▶ WORK ITEM
Retype the records in full, and please keep the pictures out of the copy.

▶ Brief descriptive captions
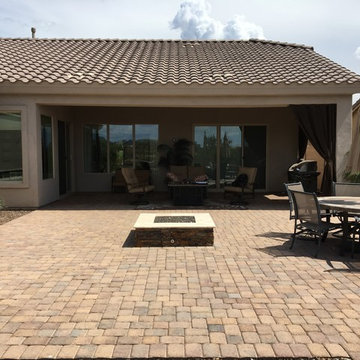 Attached Lattice Patio Cover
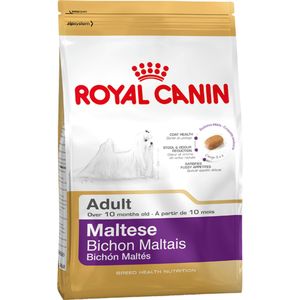 Voer Royal Canin Maltese Adult Volwassen Maïs Vogels 1,5 Kg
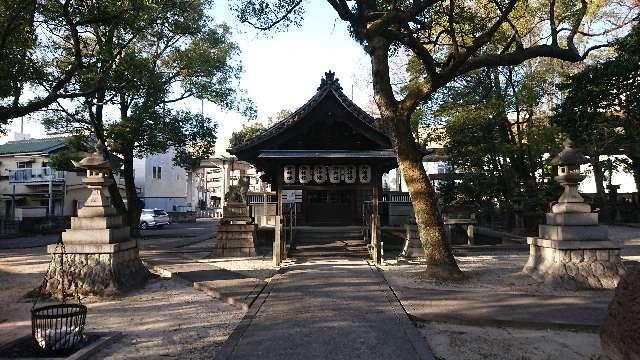 愛知県名古屋市東区矢田町2-42-1 白山神社の写真2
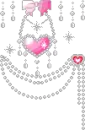 Heart and Pearl divider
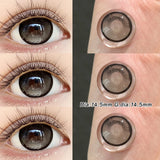 2PCS/Pair Korean Style Natural Grey Cute Lens for School Campus Festival Fast Shipping Best Selling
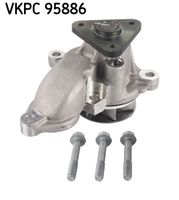 RIDEX 1260W0530 - Bomba de agua, refrigeración del motor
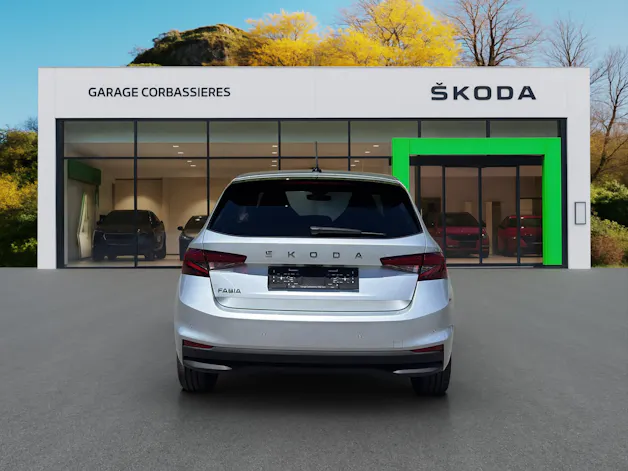 Škoda Fabia 1.0 TSI Dynamic DSG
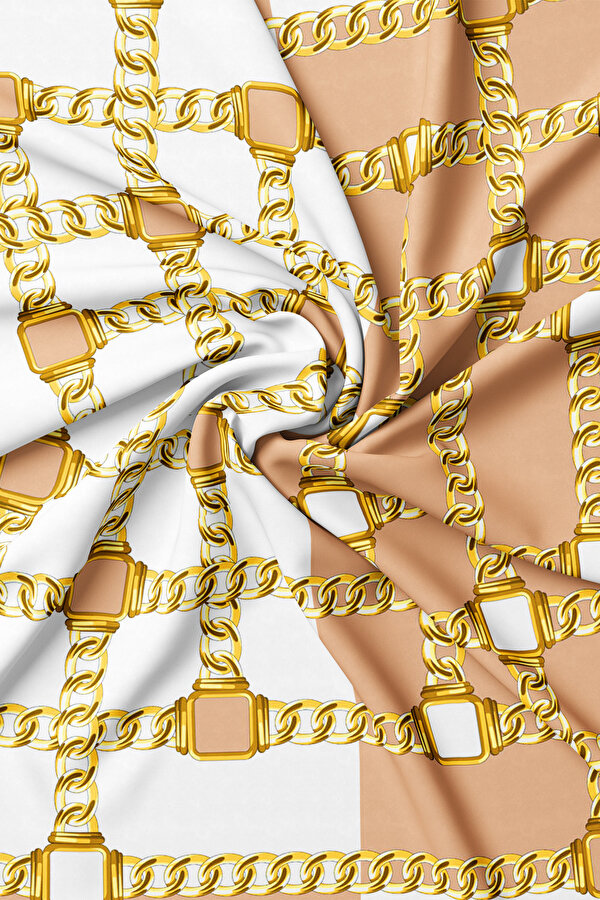 POWDER OBJECT DESIGN TWILL SCARF 2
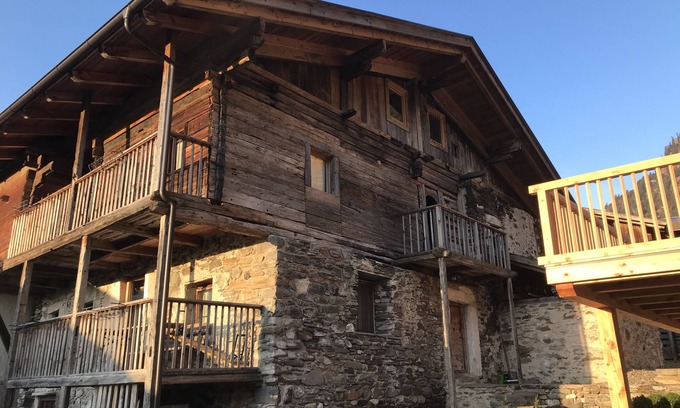 Moso in Passiria House | South Tyrolean farmhouse in the Passeier Valley - Altes Krustnerhaus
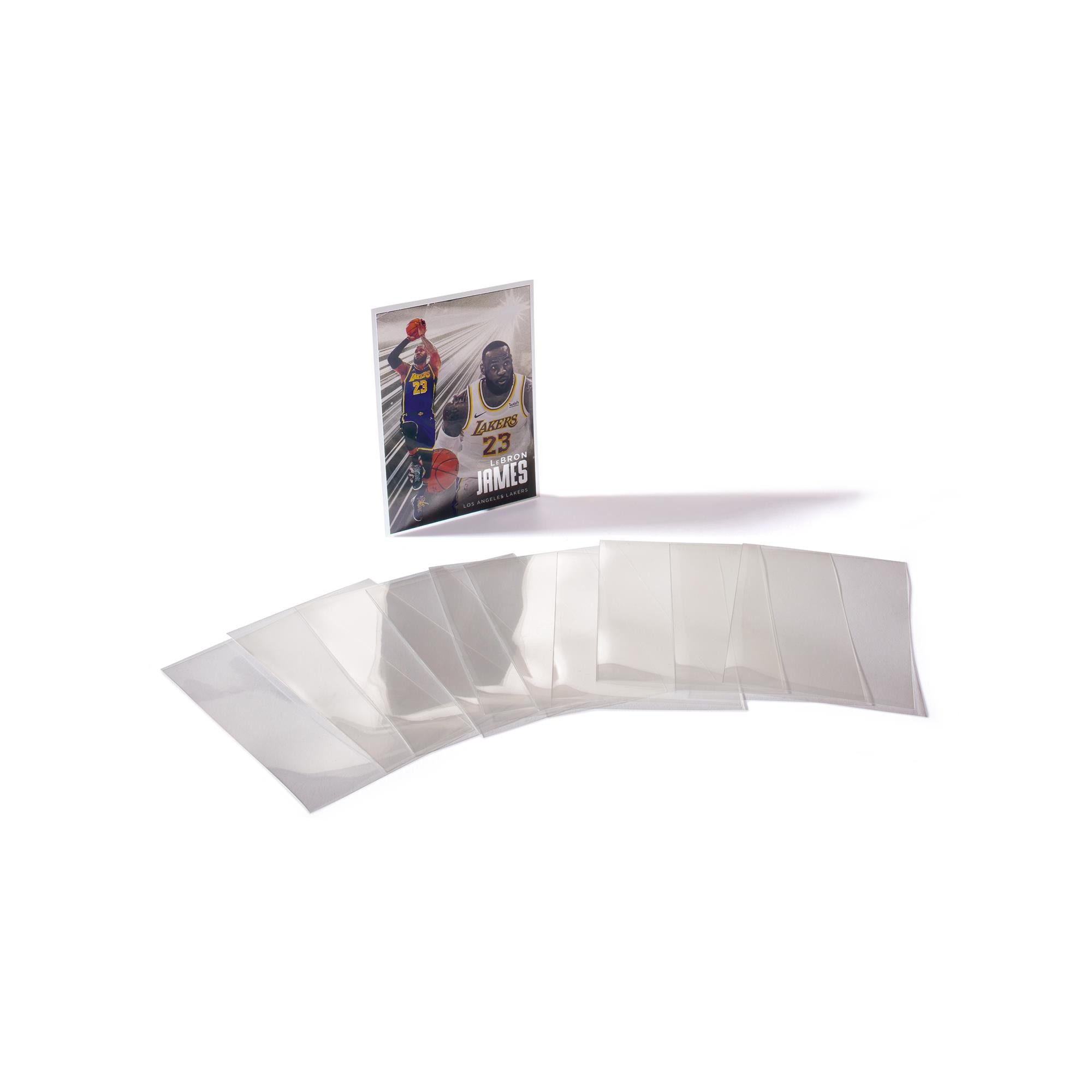 Leuchtturm Sammelkarte Leuchtturm TCG Sleeves Pro, 67x92 mm, 100 er-Pack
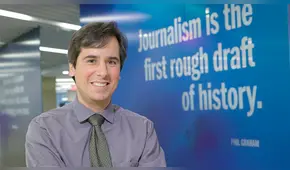 Premio Pulitzer: periodista peruano Carlos Lozada obtiene prestigioso galardón [VIDEO]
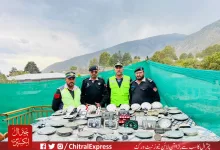 Lower Chitral: Traffic Police Campaign Removes Illegal LED and Flash Lights from Dozens of Vehicles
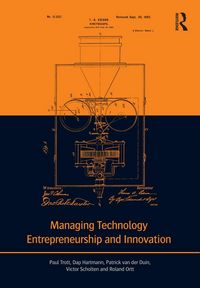 Produktbild: Managing Technology Entrepreneurship and Innovation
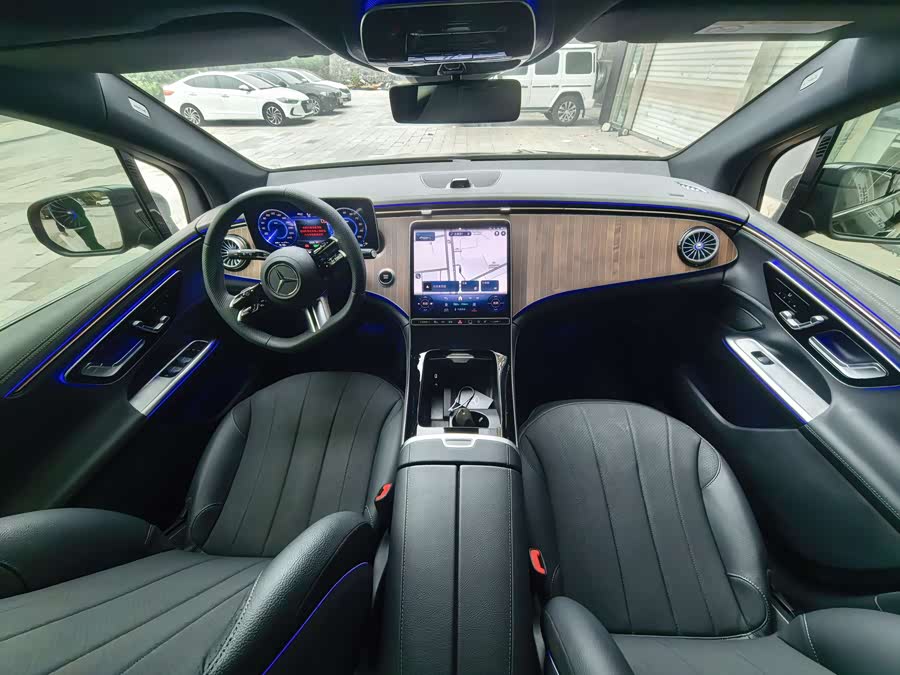 Mercedes-Benz EQE SUV 2024 #9 Mercedes-Benz EQE SUV 2024 immagine di auto #9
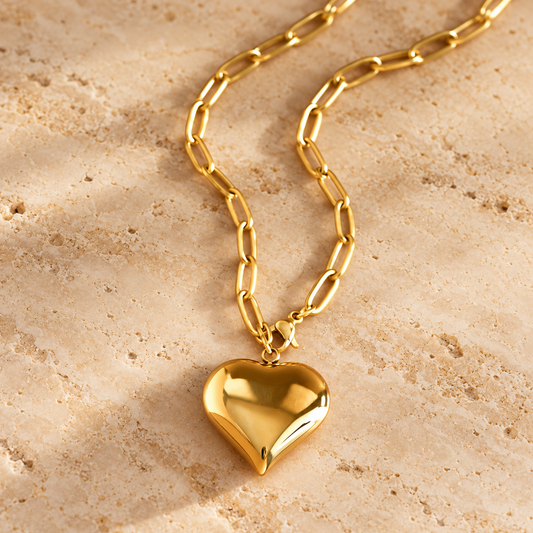 Coeur Doré Necklace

▶ SOLUTION FOR THIS TASK
 Attached Lattice Patio Cover
 Voer Royal Canin Maltese Adult Volwassen Maïs Vogels 1,5 Kg
 愛知県名古屋市東区矢田町2-42-1 白山神社の写真2
 Heart and Pearl divider
 2PCS/Pair Korean Style Natural Grey Cute Lens for School Campus Festival Fast Shipping Best Selling
 RIDEX 1260W0530 - Bomba de agua, refrigeración del motor
 Škoda Fabia 1.0 TSI Dynamic DSG
 POWDER OBJECT DESIGN TWILL SCARF 2
 Moso in Passiria House | South Tyrolean farmhouse in the Passeier Valley - Altes Krustnerhaus
 Leuchtturm Sammelkarte Leuchtturm TCG Sleeves Pro, 67x92 mm, 100 er-Pack
 Premio Pulitzer: periodista peruano Carlos Lozada obtiene prestigioso galardón [VIDEO]
 Lower Chitral: Traffic Police Campaign Removes Illegal LED and Flash Lights from Dozens of Vehicles
 Produktbild: Managing Technology Entrepreneurship and Innovation
 Mercedes-Benz EQE SUV 2024 #9 Mercedes-Benz EQE SUV 2024 immagine di auto #9
 Coeur Doré Necklace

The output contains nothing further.